The important thing for China now is the extent to which it depends on Russia for energy.
Russia and Saudi Arabia were China’s most sensitive oil suppliers in the first seven months of 2022, each supplying one-sixth of China’s oil imports, according to research by the Peterson Institute for International Economics. gas.
China leaned toward Russia in the Ukraine war, echoing Russia’s disinformation campaigns without visibly undermining Western sanctions. But China has long tried not to rely too heavily on a single energy supplier and has noticed Europe rushing after Russia turned off taps for deliveries of herbal fuel.
Vladimir V. Putin, the Russian president, called for moving Russian exports from Europe to Asia. A week before a summit on Sept. 15, Putin said the main points for a new pipeline that would carry Russian herbal fuel through western Siberia had been agreed. and Mongolia to China.
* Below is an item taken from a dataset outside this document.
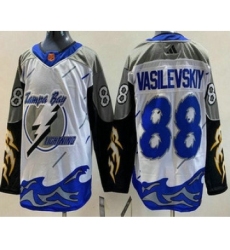 Men's Tampa Bay Lightning #88 Andrei Vasilevskiy White 2022 Reverse Retro Authentic Jersey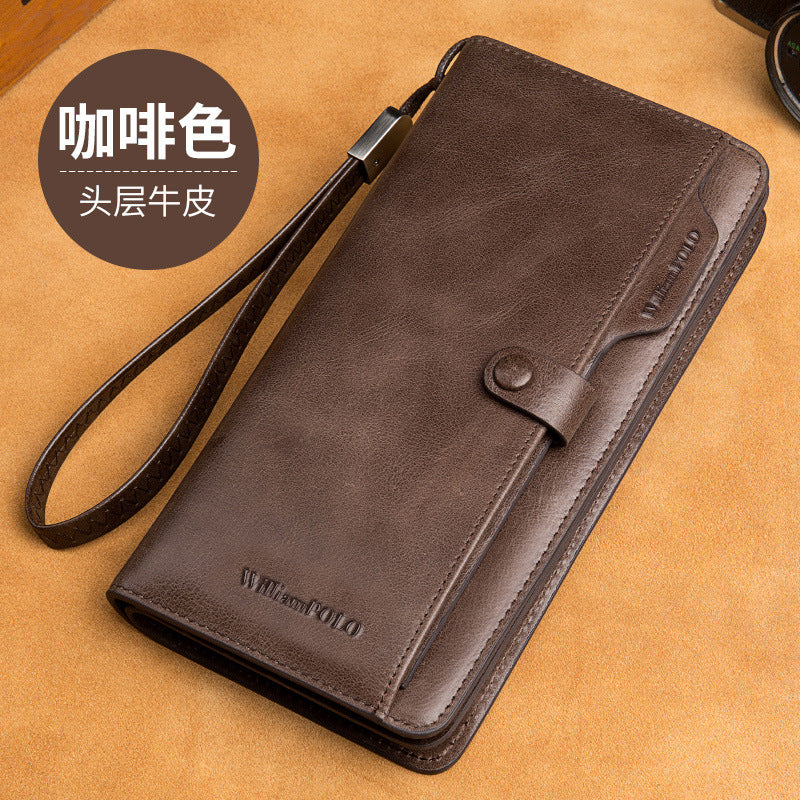 Men’s Long Genuine Leather Wallet – European & American Style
But when Putin, Mongolian President Ukhnaagiin Khurelsukh, and Xi Jinping, the Chinese leader, met a week later, the pipeline deal was not announced and no deal has been publicly revealed since.
Gazprom, the Russian energy giant, then cut off flows of herbal fuel to China on another pipeline in eastern Siberia for more than a week, saying the pipeline needed maintenance. that the pipe needed repairs.
“China deserves to avoid a scenario where Russia becomes its main source of fossil fuel imports,” said Kevin Tu, an energy representative in Beijing and former head of China’s program at the International Energy Agency in Paris. This could have a significant impact on China’s energy security. “
Alan Rappeport contributed to Washington. Li You contributed to the research.